Aim of the task: Copy every line below exactly.

______

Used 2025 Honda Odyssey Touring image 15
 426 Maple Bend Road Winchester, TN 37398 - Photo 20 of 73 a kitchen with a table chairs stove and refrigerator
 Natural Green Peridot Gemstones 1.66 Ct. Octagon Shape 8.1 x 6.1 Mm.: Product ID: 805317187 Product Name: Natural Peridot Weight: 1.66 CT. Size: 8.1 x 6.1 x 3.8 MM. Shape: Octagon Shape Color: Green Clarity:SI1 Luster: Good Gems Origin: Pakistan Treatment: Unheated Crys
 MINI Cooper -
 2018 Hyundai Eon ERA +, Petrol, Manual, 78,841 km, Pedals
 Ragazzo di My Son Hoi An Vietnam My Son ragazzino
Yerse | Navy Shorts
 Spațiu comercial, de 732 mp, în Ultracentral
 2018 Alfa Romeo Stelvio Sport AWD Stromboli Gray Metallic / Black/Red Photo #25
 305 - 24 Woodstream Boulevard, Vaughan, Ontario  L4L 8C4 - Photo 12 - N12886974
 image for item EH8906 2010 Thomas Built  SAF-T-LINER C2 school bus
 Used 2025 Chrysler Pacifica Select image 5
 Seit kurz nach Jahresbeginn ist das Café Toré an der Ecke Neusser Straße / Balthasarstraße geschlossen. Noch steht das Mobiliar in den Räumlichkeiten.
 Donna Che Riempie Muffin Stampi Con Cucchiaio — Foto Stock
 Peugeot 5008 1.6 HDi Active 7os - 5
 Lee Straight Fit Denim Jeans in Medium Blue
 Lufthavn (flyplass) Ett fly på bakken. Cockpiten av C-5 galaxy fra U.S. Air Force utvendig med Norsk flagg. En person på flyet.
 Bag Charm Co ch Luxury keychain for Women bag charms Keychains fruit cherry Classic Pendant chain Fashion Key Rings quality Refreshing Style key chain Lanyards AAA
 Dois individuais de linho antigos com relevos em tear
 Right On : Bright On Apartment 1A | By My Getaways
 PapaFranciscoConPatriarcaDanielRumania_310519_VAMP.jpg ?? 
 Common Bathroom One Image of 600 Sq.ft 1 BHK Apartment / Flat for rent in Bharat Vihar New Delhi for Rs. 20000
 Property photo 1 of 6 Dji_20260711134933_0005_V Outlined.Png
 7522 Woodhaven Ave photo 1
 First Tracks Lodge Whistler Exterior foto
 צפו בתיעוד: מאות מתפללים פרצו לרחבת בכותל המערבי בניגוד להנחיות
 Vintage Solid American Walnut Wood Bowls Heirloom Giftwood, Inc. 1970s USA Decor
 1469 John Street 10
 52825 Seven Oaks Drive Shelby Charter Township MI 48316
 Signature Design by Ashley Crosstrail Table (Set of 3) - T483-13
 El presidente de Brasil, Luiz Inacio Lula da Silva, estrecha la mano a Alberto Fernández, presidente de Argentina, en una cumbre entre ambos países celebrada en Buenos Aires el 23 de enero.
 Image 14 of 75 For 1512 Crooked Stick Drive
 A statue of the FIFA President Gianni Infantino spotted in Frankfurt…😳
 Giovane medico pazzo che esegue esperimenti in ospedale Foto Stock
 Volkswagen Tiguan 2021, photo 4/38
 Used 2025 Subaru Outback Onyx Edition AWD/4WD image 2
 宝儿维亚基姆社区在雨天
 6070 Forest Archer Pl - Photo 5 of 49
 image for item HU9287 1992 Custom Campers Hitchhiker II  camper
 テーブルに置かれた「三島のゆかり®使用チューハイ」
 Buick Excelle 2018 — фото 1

______

Reply:
Used 2025 Honda Odyssey Touring image 15
 426 Maple Bend Road Winchester, TN 37398 - Photo 20 of 73 a kitchen with a table chairs stove and refrigerator
 Natural Green Peridot Gemstones 1.66 Ct. Octagon Shape 8.1 x 6.1 Mm.: Product ID: 805317187 Product Name: Natural Peridot Weight: 1.66 CT. Size: 8.1 x 6.1 x 3.8 MM. Shape: Octagon Shape Color: Green Clarity:SI1 Luster: Good Gems Origin: Pakistan Treatment: Unheated Crys
 MINI Cooper -
 2018 Hyundai Eon ERA +, Petrol, Manual, 78,841 km, Pedals
 Ragazzo di My Son Hoi An Vietnam My Son ragazzino
Yerse | Navy Shorts
 Spațiu comercial, de 732 mp, în Ultracentral
 2018 Alfa Romeo Stelvio Sport AWD Stromboli Gray Metallic / Black/Red Photo #25
 305 - 24 Woodstream Boulevard, Vaughan, Ontario  L4L 8C4 - Photo 12 - N12886974
 image for item EH8906 2010 Thomas Built  SAF-T-LINER C2 school bus
 Used 2025 Chrysler Pacifica Select image 5
 Seit kurz nach Jahresbeginn ist das Café Toré an der Ecke Neusser Straße / Balthasarstraße geschlossen. Noch steht das Mobiliar in den Räumlichkeiten.
 Donna Che Riempie Muffin Stampi Con Cucchiaio — Foto Stock
 Peugeot 5008 1.6 HDi Active 7os - 5
 Lee Straight Fit Denim Jeans in Medium Blue
 Lufthavn (flyplass) Ett fly på bakken. Cockpiten av C-5 galaxy fra U.S. Air Force utvendig med Norsk flagg. En person på flyet.
 Bag Charm Co ch Luxury keychain for Women bag charms Keychains fruit cherry Classic Pendant chain Fashion Key Rings quality Refreshing Style key chain Lanyards AAA
 Dois individuais de linho antigos com relevos em tear
 Right On : Bright On Apartment 1A | By My Getaways
 PapaFranciscoConPatriarcaDanielRumania_310519_VAMP.jpg ?? 
 Common Bathroom One Image of 600 Sq.ft 1 BHK Apartment / Flat for rent in Bharat Vihar New Delhi for Rs. 20000
 Property photo 1 of 6 Dji_20260711134933_0005_V Outlined.Png
 7522 Woodhaven Ave photo 1
 First Tracks Lodge Whistler Exterior foto
 צפו בתיעוד: מאות מתפללים פרצו לרחבת בכותל המערבי בניגוד להנחיות
 Vintage Solid American Walnut Wood Bowls Heirloom Giftwood, Inc. 1970s USA Decor
 1469 John Street 10
 52825 Seven Oaks Drive Shelby Charter Township MI 48316
 Signature Design by Ashley Crosstrail Table (Set of 3) - T483-13
 El presidente de Brasil, Luiz Inacio Lula da Silva, estrecha la mano a Alberto Fernández, presidente de Argentina, en una cumbre entre ambos países celebrada en Buenos Aires el 23 de enero.
 Image 14 of 75 For 1512 Crooked Stick Drive
 A statue of the FIFA President Gianni Infantino spotted in Frankfurt…😳
 Giovane medico pazzo che esegue esperimenti in ospedale Foto Stock
 Volkswagen Tiguan 2021, photo 4/38
 Used 2025 Subaru Outback Onyx Edition AWD/4WD image 2
 宝儿维亚基姆社区在雨天
 6070 Forest Archer Pl - Photo 5 of 49
 image for item HU9287 1992 Custom Campers Hitchhiker II  camper
 テーブルに置かれた「三島のゆかり®使用チューハイ」
 Buick Excelle 2018 — фото 1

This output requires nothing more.